Data shown |
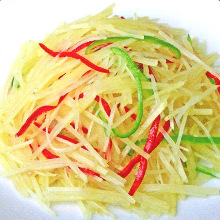 じゃがいものにんにく炒め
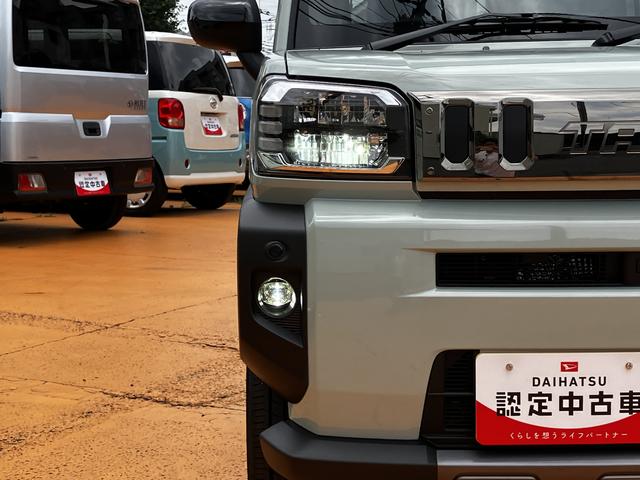 タフトG ダーククロムベンチャー保証 新車保証・まごころ保証 1年間・走行距離無制限付き・9インチディスプレイオーディオ装備・LEDヘッドライト装備・オートエアコン装備(東京都)の中古車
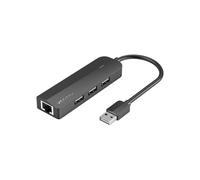 Vention docking usb 2.0 chpbb/ 3xusb/ 1xmicro usb/ 1xrj45/ negro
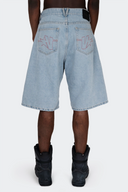 VENENO SHORT SOFT BLUE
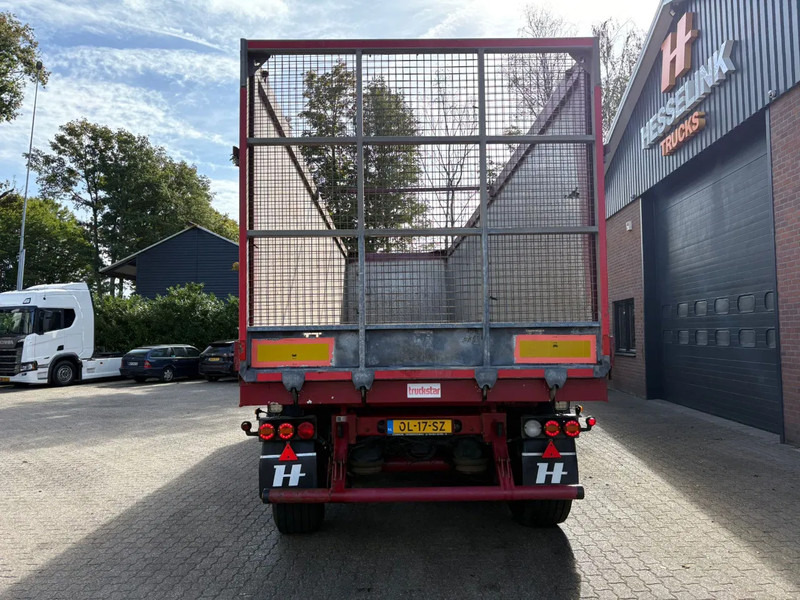 Kiper poluprikolica Carnehl 60m3 10 tons assen, Stuuras, Bietenrek, nieuwe APK!: slika Kiper poluprikolica Carnehl 60m3 10 tons assen, Stuuras, Bietenrek, nieuwe APK!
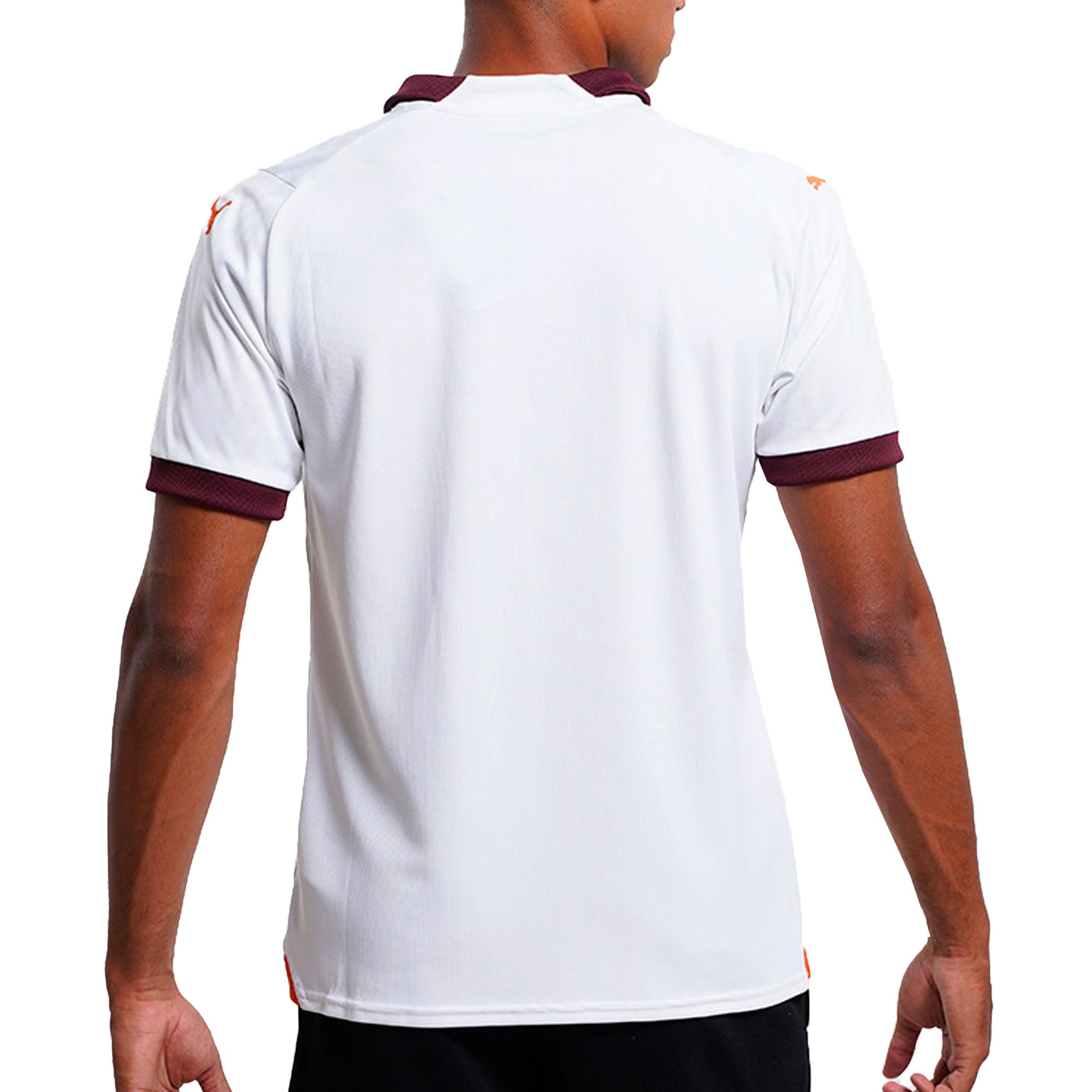 PUMA Men's Manchester City 2023/24 Away Jersey White/Red、mySite、bottomscart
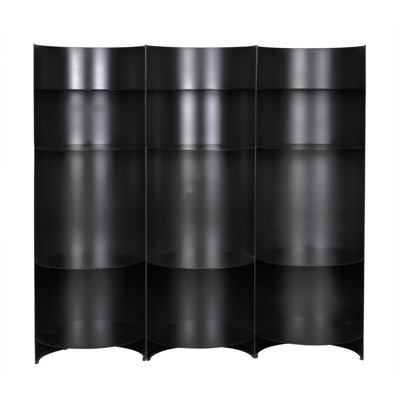 Bibliothèque standard en acier H 71 "x l 74" Fassbender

To do | When you reach the line that contains "VENENO SHORT SOFT BLUE", start copying the listing word for word and stop only after its last line, without any pictures.

Answer for this exercise |
 VENENO SHORT SOFT BLUE
 Kiper poluprikolica Carnehl 60m3 10 tons assen, Stuuras, Bietenrek, nieuwe APK!: slika Kiper poluprikolica Carnehl 60m3 10 tons assen, Stuuras, Bietenrek, nieuwe APK!
 PUMA Men's Manchester City 2023/24 Away Jersey White/Red、mySite、bottomscart
 Bibliothèque standard en acier H 71 "x l 74" Fassbender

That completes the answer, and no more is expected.